Biology hereditary diseases

Manifestations of hereditary diseases depends on many factors.The features built into the genotype, have symptoms (affecting the phenotype) under certain conditions.In this regard, biology of hereditary diseases shared by all genetic diseases in the following groups:

  • manifestations, independent of the environment, education, social conditions, welfare: phenylketonuria, Down syndrome, hemophilia, mutation of sex chromosomes;
  • Hereditary predisposition, which occurs only under certain conditions.Of great importance are environmental factors:. Diet, occupational hazards, etc.

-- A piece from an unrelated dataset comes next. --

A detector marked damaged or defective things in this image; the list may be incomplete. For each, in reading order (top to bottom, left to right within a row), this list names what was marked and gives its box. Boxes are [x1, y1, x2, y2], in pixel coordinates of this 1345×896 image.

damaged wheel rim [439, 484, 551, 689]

These diseases include gout, atherosclerosis, peptic ulcer disease, hypertension, diabetes mellitus, alcoholism, tumor cell growth.

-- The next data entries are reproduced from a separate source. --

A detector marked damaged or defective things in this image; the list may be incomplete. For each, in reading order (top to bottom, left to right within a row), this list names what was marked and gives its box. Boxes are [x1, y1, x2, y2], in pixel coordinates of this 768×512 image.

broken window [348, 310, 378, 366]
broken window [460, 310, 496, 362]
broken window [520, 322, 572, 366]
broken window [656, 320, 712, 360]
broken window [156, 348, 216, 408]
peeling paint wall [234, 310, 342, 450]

Sometimes, even a non-inherited disease symptoms found in children with people.This is facilitated by the same susceptibility relatives to certain factors.For example, the development of rheumatic fever, which is the causative agent has nothing to do with genes and chromosomes.Nevertheless, children and grandchildren are also subject to systemic connective tissue disorders β-hemolytic streptococcus.Many people have chronic tonsillitis accompanied by a lifetime, but does not cause genetic diseases, while having relatives with rheumatic valvular heart disease, developed a similar pathology.

Causes of hereditary diseases

Causes of hereditary diseases associated with gene mutations that are always the same: the gene defect - enzyme defect - absence of protein synthesis.As a result, the substance accumulates in the body, which should have become a necessary elements, but in themselves as intermediates biochemical reactions are toxic.

example, classical hereditary disease - phenylketonuria caused by defective gene, which regulates the synthesis of an enzyme that converts phenylalanine to tyrosine.Therefore, the brain suffers from phenylketonuria.

When lactase deficiency occurs bowel disorder.Raw cow's milk intolerance - a phenomenon quite widespread, and it also refers to a hereditary disease, although, under certain circumstances, in some people the compensation can occur, and lactase production is getting better due to active "training" intestinal cells.

Chromosomal abnormalities occur regardless of the conditions.Many children are simply not viable.But Down syndrome refers to the hereditary diseases in which external environmental conditions can be so beneficial that patients become full members of society.

Defects division of sex chromosomes are not accompanied by deadly complications, as it does not hurt the somatic symptoms.All the vital organs in these hereditary diseases are not affected.Lesions are found at the level of the genital organs, often only internal.Sometimes it does without them.For example, the syndrome of a triple-former, when a woman has extra X chromosome, fertility is maintained.And the children are born with a normal set of sex chromosomes.A similar situation with an extra Y-chromosome in males.

mechanism of hereditary diseases lies in the combination of genes: dominant and recessive.Various combination of differently manifested in the phenotype.For the development of the disease sufficiently dominant mutant gene or pathological recessive allele in one pair.

Prevention of hereditary diseases

prevent the emergence of genetic diseases by specialists genetic centers.The antenatal major cities special rooms geneticists are working to provide counseling for future couples.Held prevention of hereditary diseases by compiling genealogical charts and decoding of special analyzes.